Cruz emphasized the change from historical patterns during his presentation, noting that in previous years the district would report enrollment decreasing by 300 or 600 students annually, but now enrollment has started to stabilize.

The enrollment stabilization is significant for SMMUSD, which operates as a "basic aid" district. Unlike most California school districts that receive state funding based on enrollment, basic aid districts are funded primarily through local property taxes because their property values are high enough to exceed state funding formulas.

Property taxes comprise 59% of the district's revenue, while federal funding accounts for only 2% — meaning SMMUSD is relatively insulated from federal funding cuts but vulnerable to property value fluctuations.

Healthcare Costs Drive Structural Deficit

The projected deficits are driven largely by escalating employee healthcare costs, which pose what board members described as a structural budget challenge.
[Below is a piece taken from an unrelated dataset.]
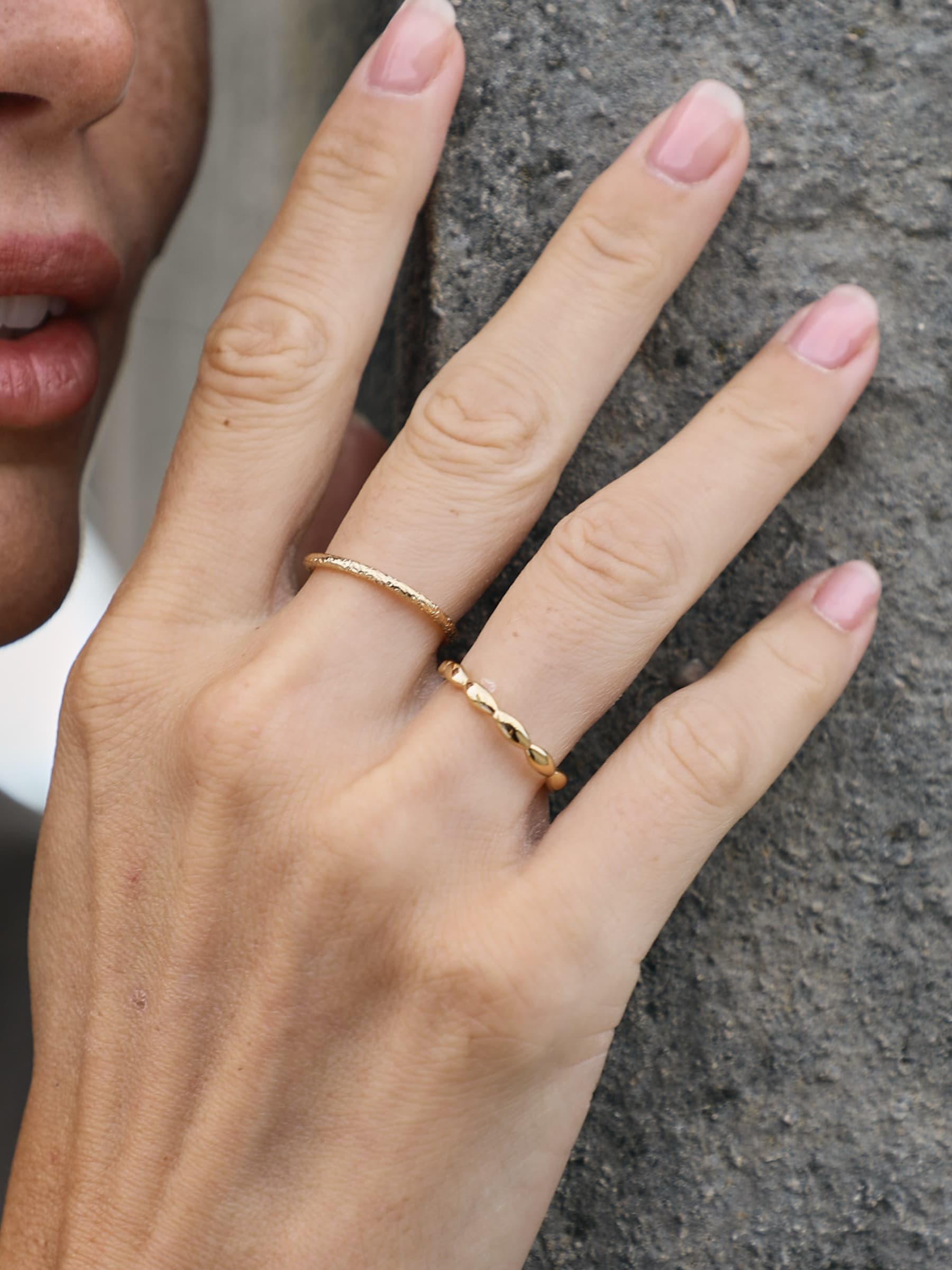 Waekura - Delicate and modern feminine gold plated jewelry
Healthcare and welfare benefit costs increased by $665,000 in the current budget and are projected to rise by 7% annually in future years. The multi-year projection anticipates potential increases of 9% as the district exhausts one-time healthcare credits achieved during a transition from CalPERS to the Self-Insured Schools of California.
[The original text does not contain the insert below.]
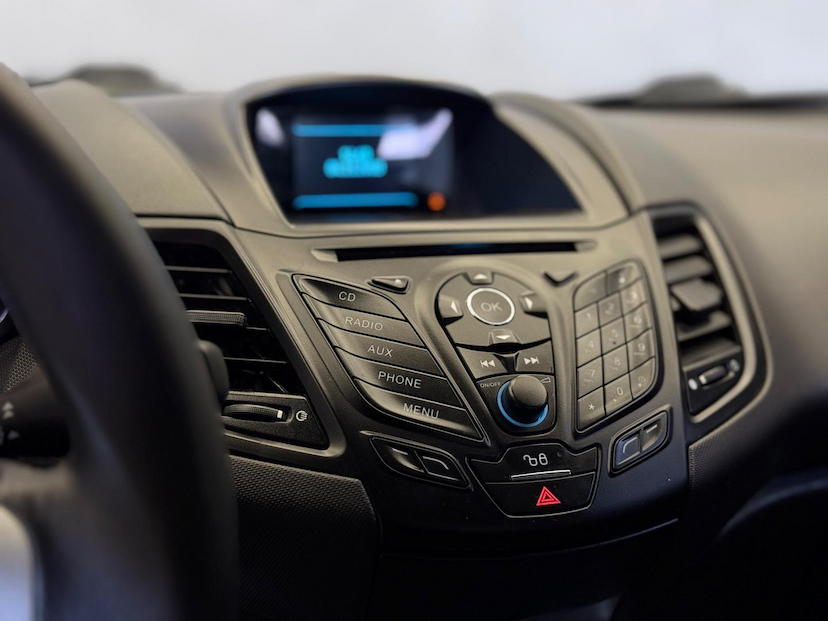 Foto do veículo FORD FIESTA  16SE 2019 112.955 KM 56.900,00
Board Member John Kean warned that the district's reserve policy and careful accounting, while providing stability, cannot solve underlying budget problems.

"The reserve policy would be a big step forward, but it doesn't change the structural budget," Kean said during the meeting. "At some point all the time we talk about program, where do we really want to put our attention to and at a certain point we are going to have to choose what we're supporting that is effective. We can't keep going like this. It's just not sustainable."

Salaries and benefits comprise 81% of the district's general fund budget, limiting flexibility for cost reductions without affecting personnel.

Reserve Levels Below Recommendations

The district's financial reserves stand at 21.31% of expenditures, up from 17.61% at the adopted budget but still below recommended levels for basic aid districts.

The state recommends that basic aid districts maintain reserves of 33%, while unified state-aid districts average 24.36%. SMMUSD's current reserve equals approximately two months of general fund expenditures, or about $30.7 million.

Cruz noted that reserves are essential for managing cash flow, particularly in months when property tax revenues have not yet arrived, preventing the district from having to choose which bills to pay.

The board is also considering updates to Board Policy 3100 regarding budget reserves to formalize the district's practice of maintaining a two-month reserve.

Revenue Bright Spots

The budget includes some positive revenue adjustments, including a $500,000 increase in Redevelopment Agency funds due to better forecasting and understanding of how these property tax revenues work.

Cruz told board members the district is trying to get ahead of having to report in September that another half million dollars fell short because of projection issues.

The district also saw increases from the Santa Monica Education Foundation ($75,000) and Malibu Education Foundation ($83,000), as well as higher-than-expected property tax collections.

Board Member John Kean moved to approve the First Interim Budget Report and corresponding budget adjustments, with Board Member Stacy Andersen seconding the motion. The board voted unanimously to approve the report. The next budget checkpoint will be the Second Interim Report in March 2026.